Ø    Partnership / Collaboration Governance.

 

He emphasised the continued impact of Covid upon the most vulnerable in society, the workforce and the Social Services Directorate.  He also highlighted the workforce pressures within the Directorate, particularly with regard to domiciliary care.

 

The Committee asked a number of questions of the Officer, who responded accordingly. Discussions centred around the following: -

 

·       The excellent detail contained within the report.

·       Processes currently in place to manage finances.

·       Capacity and resilience of the workforce with regards to domiciliary care, the ongoing recruitment problems and the need for jobs in this area to be better paid in order for the jobs to be attractive.

·       Processes in place to address social worker vacancies.

·       Deep concern regarding staffing issues which were a national problem and the close monitoring of services by Scrutiny.

·       Control measures in place to reduce persistent risks.

·       Internal Audit providing business risk assurances regarding ID 221 – Availability of Domiciliary Care.

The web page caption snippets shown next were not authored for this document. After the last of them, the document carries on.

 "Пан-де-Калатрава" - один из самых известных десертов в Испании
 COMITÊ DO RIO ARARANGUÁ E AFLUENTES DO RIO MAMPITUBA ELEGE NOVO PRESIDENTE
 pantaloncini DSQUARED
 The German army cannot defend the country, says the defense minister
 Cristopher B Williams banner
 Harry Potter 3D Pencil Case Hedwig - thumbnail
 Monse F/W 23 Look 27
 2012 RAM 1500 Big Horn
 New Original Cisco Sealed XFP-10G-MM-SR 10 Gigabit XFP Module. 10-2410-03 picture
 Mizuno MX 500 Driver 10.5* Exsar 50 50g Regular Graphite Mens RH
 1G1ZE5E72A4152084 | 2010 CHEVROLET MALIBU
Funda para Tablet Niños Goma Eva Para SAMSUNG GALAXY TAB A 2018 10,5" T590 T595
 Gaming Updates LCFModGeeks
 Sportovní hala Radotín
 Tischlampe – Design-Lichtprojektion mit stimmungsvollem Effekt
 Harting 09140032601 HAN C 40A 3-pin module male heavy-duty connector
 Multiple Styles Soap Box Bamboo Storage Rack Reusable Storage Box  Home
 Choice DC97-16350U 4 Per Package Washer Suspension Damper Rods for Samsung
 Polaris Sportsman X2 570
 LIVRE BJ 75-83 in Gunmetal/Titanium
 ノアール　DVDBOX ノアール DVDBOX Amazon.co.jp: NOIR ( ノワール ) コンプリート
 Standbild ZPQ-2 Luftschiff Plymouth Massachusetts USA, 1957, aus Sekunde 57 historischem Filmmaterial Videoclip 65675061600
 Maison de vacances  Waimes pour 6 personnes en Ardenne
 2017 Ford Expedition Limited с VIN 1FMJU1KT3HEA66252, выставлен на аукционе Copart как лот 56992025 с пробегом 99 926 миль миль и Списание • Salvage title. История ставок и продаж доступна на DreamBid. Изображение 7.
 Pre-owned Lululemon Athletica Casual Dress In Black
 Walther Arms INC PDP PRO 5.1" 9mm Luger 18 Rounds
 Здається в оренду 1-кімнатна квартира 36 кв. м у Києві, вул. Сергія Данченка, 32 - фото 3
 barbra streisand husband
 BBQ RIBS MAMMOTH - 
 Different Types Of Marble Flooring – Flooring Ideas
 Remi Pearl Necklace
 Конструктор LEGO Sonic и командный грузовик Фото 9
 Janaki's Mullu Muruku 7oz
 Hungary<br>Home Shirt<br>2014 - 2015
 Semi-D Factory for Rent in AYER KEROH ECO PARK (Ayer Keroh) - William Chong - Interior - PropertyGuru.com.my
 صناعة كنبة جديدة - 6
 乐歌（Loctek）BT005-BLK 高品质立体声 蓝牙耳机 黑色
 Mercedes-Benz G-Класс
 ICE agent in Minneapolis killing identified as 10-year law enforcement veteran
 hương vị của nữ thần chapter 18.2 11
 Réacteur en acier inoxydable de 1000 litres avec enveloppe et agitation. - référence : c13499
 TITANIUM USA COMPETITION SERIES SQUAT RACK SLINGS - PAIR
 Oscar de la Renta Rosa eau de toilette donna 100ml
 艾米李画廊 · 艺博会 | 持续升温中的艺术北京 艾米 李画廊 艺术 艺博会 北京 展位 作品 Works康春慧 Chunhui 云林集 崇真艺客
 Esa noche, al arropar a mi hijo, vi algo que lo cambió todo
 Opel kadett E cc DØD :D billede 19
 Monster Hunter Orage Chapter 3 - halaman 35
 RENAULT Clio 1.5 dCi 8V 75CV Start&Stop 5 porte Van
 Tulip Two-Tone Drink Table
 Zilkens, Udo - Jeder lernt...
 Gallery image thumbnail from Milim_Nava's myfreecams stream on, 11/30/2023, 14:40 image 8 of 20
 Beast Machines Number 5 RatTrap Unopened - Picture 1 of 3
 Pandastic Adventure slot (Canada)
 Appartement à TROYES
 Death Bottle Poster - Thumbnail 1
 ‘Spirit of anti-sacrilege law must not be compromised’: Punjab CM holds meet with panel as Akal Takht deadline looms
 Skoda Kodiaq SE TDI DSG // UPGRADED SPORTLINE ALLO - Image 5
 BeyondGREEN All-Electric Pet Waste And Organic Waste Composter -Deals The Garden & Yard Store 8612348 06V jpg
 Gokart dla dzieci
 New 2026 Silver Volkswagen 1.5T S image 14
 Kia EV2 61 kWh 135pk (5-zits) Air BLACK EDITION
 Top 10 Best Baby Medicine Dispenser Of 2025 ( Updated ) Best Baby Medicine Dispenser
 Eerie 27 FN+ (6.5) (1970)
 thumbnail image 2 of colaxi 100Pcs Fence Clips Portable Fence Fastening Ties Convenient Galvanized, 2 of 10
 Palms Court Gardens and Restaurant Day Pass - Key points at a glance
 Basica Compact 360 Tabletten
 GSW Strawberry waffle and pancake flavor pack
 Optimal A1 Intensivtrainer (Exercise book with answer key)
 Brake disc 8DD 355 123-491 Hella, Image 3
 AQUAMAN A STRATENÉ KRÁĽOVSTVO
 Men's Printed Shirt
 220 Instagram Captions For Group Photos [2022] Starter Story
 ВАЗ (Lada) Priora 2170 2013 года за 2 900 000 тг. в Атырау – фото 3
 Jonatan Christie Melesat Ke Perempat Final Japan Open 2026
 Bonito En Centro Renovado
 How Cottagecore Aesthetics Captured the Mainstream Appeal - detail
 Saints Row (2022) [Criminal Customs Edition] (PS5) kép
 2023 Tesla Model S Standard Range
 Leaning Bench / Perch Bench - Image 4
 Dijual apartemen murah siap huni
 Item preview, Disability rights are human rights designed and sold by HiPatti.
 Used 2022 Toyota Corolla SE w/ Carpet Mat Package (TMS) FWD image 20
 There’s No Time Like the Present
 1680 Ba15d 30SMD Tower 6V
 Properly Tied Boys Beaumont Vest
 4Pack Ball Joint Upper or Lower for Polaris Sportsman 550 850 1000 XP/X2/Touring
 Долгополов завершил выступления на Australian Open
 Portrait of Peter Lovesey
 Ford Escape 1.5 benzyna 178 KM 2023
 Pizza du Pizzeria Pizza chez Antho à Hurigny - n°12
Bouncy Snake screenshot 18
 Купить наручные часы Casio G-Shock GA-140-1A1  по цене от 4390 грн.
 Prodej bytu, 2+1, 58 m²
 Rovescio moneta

·       Explanation regarding moderate report on Western Bay Adoption Services to be provided by Officers at the next meeting.

 

The Chair noted the positive report provided by Care Inspectorate Wales.  She also requested that the Quarter 3 Risk report included the directorate level risks for Social Services in order to provide the Committee with assurance.

 

The Director of Social Services was thanked for a detailed and comprehensive review.

61.

Governance & Audit Committee Action Tracker Report. pdf icon PDF 377 KB

Decision:

For information.

Minutes:

The Governance & Audit Committee Action Tracker was reported ‘for information’.

62.

Governance & Audit Committee Work Plan 2022/23. pdf icon PDF 228 KB

Additional documents:

Decision:

For information.

Minutes:

The Governance & Audit Committee Work Plan was reported ‘for information’.

 

The Chair confirmed that the Annual Review of Performance would be reported to the Committee in December.

 

She referred to the CIPFA new guidance model and added that she had asked the Chief Legal Officer to look at the Committee’s terms of reference to see if changes were required.  She would additionally ask the Chief Auditor to examine a CIPFA questionnaire which would allow the Committee to examine its effectiveness.